Murmer, Tether, United States, Helen Scarsdale Agency, HMS071 vinyl LP (2023)
A project of long standing since 2002, when it released its first album, Murmer has been issuing new recordings on and off – there have been gaps of about 4 to 5 years between albums – and 2023 has proved to be no different with new album “Tether” released by the act after nearly five years of quiet since the last major recording “Raadio Mälu” back in 2018. For those not very familiar with Murmer (like me – though The Sound Projector did feature an interview with Murmer back in Issue #13 in 2005), the musician behind this project is Patrick McGinley, born in the US but resident in Europe since 1996 and in southeast Estonia since 2009. McGinley’s music is sourced from his collection of found objects and found sounds, with an emphasis on finding sounds that we would usually find ordinary and commonplace in their own environments, but which in different contexts and situations become alien, even astonishing and deeply profound.
Divided into two tracks of more or less equal length, “Tether” uses as its source material cables, fences, wires and vents, their sounds picked up by contact microphones.
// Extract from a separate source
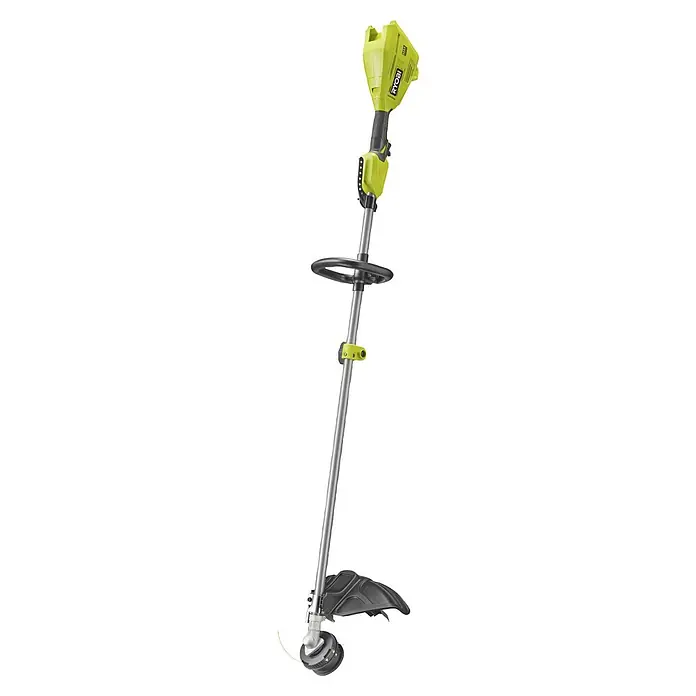 Ryobi Max Power Akku-Rasentrimmer RY36LT38A - 36 V, Li-Ionen, Ohne Akku, Schnittbreite Faden: 38 cm - Ryobi Akku-Rasentrimmer in Limettengrün, Schwarz und Silber, mit verstellbarem Griff und Schutzhaube.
The resulting album turns out to be majestic and forbidding, a veritable soundscape of near-Arctic atmospheres and meteorological events. Track 1 “taevast” (in English, “from the sky”) starts slowly and imperceptibly but this little thing steadily builds up to a major rhythmic droning industrial monster, working its way to the point where it might take off and soar into the skies like a giant black pterosaur. From there the work becomes an airy serene pulsating piece – the source material used is thick high-tension wires subjected to winds from the Arctic – continuing for well over half the track’s length and becoming its linchpin for other sounds ranging from crackling rods to a loop-like background swish that sounds suspiciously like a shoot-’em videogame. The rest of the track proceeds quietly with a strange fizzle drone with another pulsating industrial rhythm close to the end.
“Maale” (“to the country”) initially seems a more assertive track of airy drone wash and a near-piercing siren tone that becomes frosty and chilling in its whirling texture. It becomes a very brooding track as rhythmic metallic sounds capture and hold your attention while the winds blow. As the track changes and becomes a bit ponderous with clunking beats, a windy atmosphere keeps it airy and spacious, and for a while the background drones seem to take on a rich, even spiritual timbre.
Even though the source materials are made obvious on the recordings, the sounds they generate and the way in which McGinley has arranged them turn these field recordings into works combining power and delicacy, in which the ordinary everyday things in life – unnoticed, perhaps throwaway and ephemeral – become the medium through which profound messages may be transmitted.